- **GOAL OF THE EXERCISE**: No pictures, please. Copy exactly the lines from the one with "The Rose & Vine" through the final line below.
####################
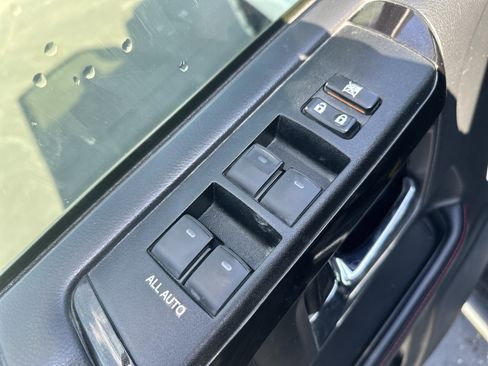 Used 2019 Toyota 4Runner TRD Off-Road Premium image 15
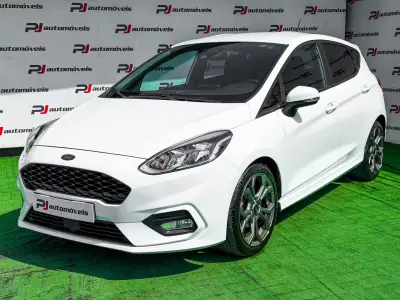 Ford Fiesta 2018 - 12500 EUR, 99424 km - AUTO.MOTO.pt - 99424km - foto 1 de 25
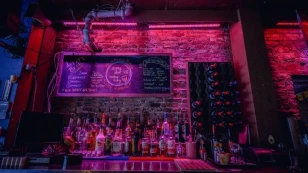 The Rose & Vine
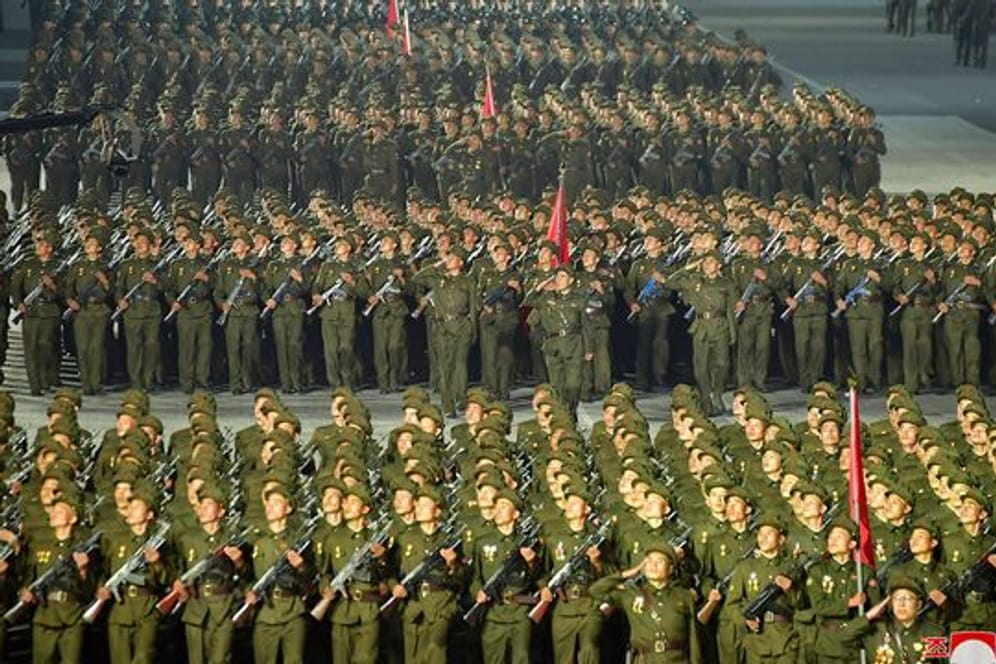 Nordkoreanische Soldaten auf dem Kim-Il-Sung-Platz während der Feierlichkeiten zum 73.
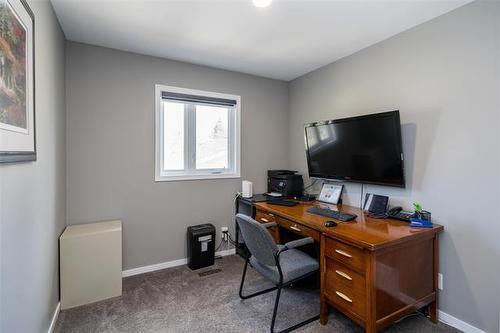 19 Whicker St, Winnipeg, MB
####################
- **ANSWER SECTION**:
 The Rose & Vine
 Nordkoreanische Soldaten auf dem Kim-Il-Sung-Platz während der Feierlichkeiten zum 73.
 19 Whicker St, Winnipeg, MB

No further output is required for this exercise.